### What to work on
Both the line below containing "HP CF353Aɫۺ" and the line containing "1344 Jackson St - Photo 7 of 20", along with every line between them, should be repeated exactly; no other line belongs in the answer.

### Data provided
..............................
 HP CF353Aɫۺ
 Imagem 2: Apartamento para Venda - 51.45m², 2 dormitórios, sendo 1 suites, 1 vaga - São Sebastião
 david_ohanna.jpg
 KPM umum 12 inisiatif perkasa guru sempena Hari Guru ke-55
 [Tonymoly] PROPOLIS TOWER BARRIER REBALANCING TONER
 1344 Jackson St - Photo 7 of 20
..............................
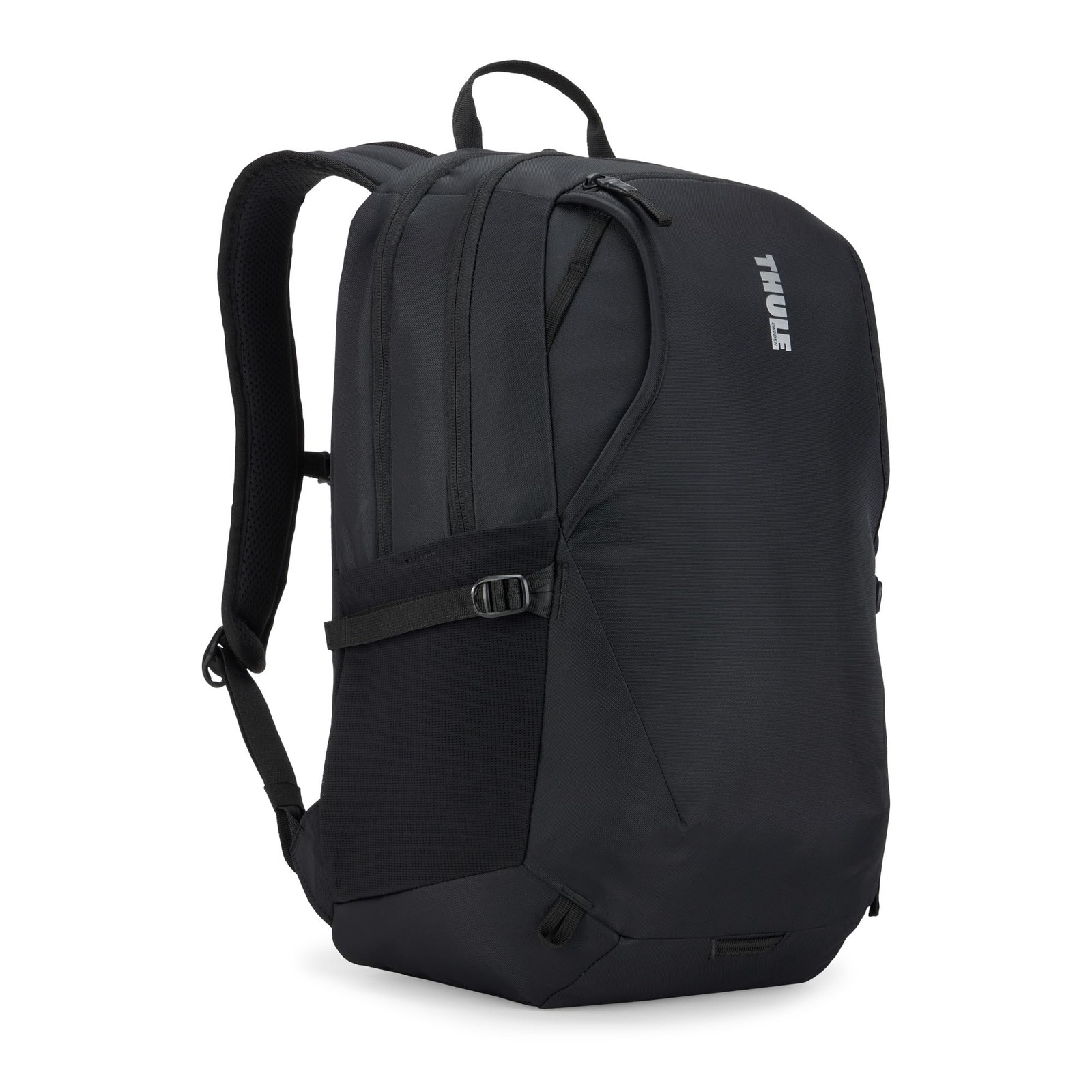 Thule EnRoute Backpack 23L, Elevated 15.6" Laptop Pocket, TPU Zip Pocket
..............................
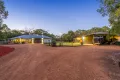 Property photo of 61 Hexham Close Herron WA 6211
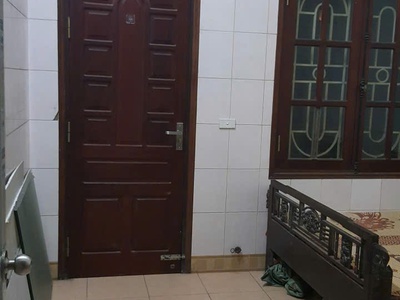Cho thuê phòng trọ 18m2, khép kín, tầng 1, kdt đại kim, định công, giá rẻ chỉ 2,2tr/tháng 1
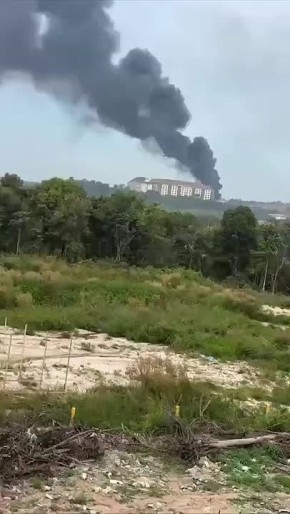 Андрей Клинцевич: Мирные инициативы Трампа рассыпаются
..............................
### Output for this task
 HP CF353Aɫۺ
 Imagem 2: Apartamento para Venda - 51.45m², 2 dormitórios, sendo 1 suites, 1 vaga - São Sebastião
 david_ohanna.jpg
 KPM umum 12 inisiatif perkasa guru sempena Hari Guru ke-55
 [Tonymoly] PROPOLIS TOWER BARRIER REBALANCING TONER
 1344 Jackson St - Photo 7 of 20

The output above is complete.